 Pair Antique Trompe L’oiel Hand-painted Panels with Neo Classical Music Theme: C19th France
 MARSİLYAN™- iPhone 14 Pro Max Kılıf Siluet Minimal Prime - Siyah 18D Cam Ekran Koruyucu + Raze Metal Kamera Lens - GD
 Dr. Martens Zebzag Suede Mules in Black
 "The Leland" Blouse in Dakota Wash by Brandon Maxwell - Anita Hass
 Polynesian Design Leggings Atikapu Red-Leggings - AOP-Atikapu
==
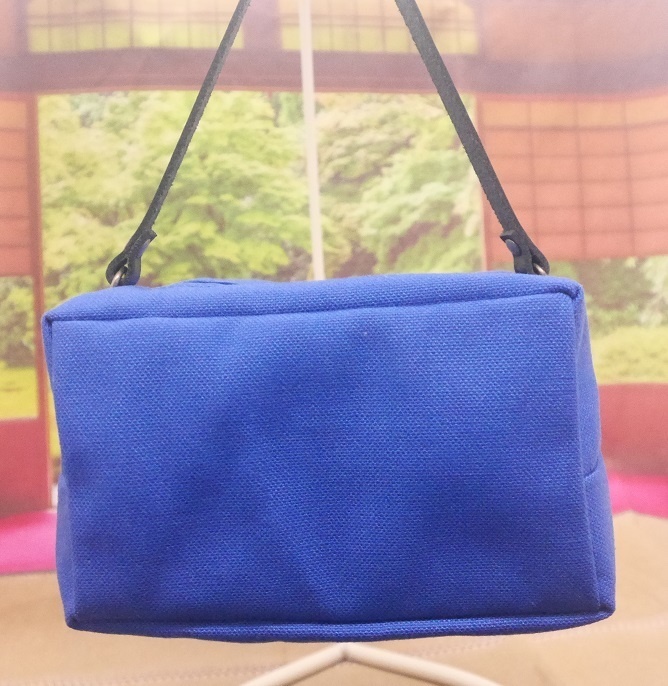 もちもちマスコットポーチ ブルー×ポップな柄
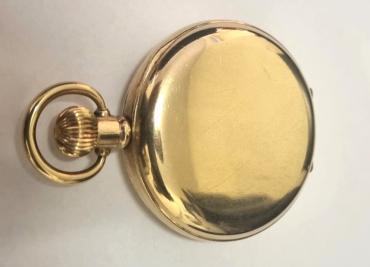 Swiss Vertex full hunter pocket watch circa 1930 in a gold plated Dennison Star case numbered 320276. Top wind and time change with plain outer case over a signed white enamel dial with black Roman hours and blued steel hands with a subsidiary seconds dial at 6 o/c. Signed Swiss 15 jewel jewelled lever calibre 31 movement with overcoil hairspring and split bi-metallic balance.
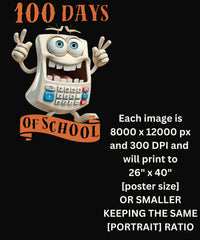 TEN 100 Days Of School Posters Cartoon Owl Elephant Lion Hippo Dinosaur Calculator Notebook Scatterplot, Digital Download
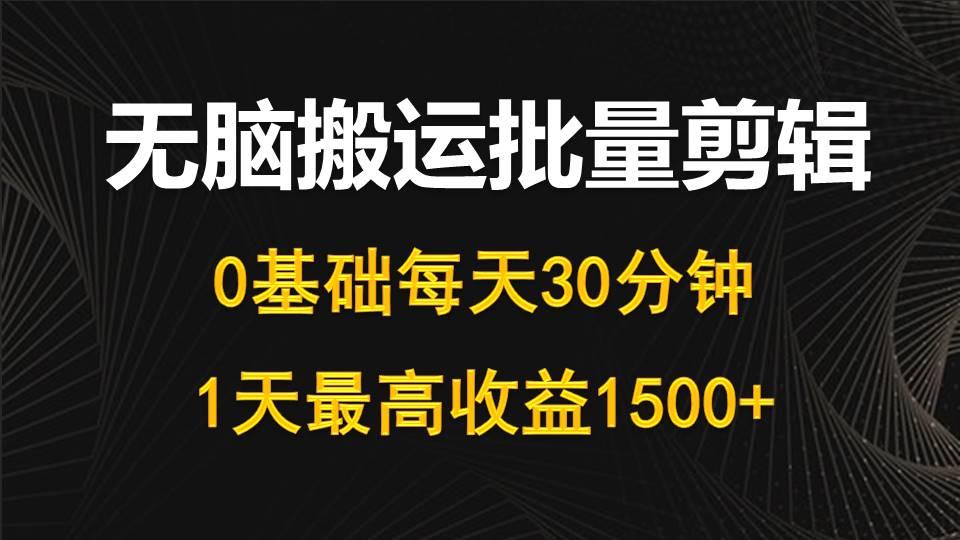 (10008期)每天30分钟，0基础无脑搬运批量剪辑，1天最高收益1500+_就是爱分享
==
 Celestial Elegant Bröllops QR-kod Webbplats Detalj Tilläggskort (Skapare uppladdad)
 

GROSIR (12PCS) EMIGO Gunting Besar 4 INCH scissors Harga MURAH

YOUR GOAL »
Please repeat the lines of the material above exactly, starting with the line that contains "TEN 100 Days" and ending with the line that contains "(10008期)每天30分钟". Leave the pictures out.

TASK SOLUTION »
 TEN 100 Days Of School Posters Cartoon Owl Elephant Lion Hippo Dinosaur Calculator Notebook Scatterplot, Digital Download
 (10008期)每天30分钟，0基础无脑搬运批量剪辑，1天最高收益1500+_就是爱分享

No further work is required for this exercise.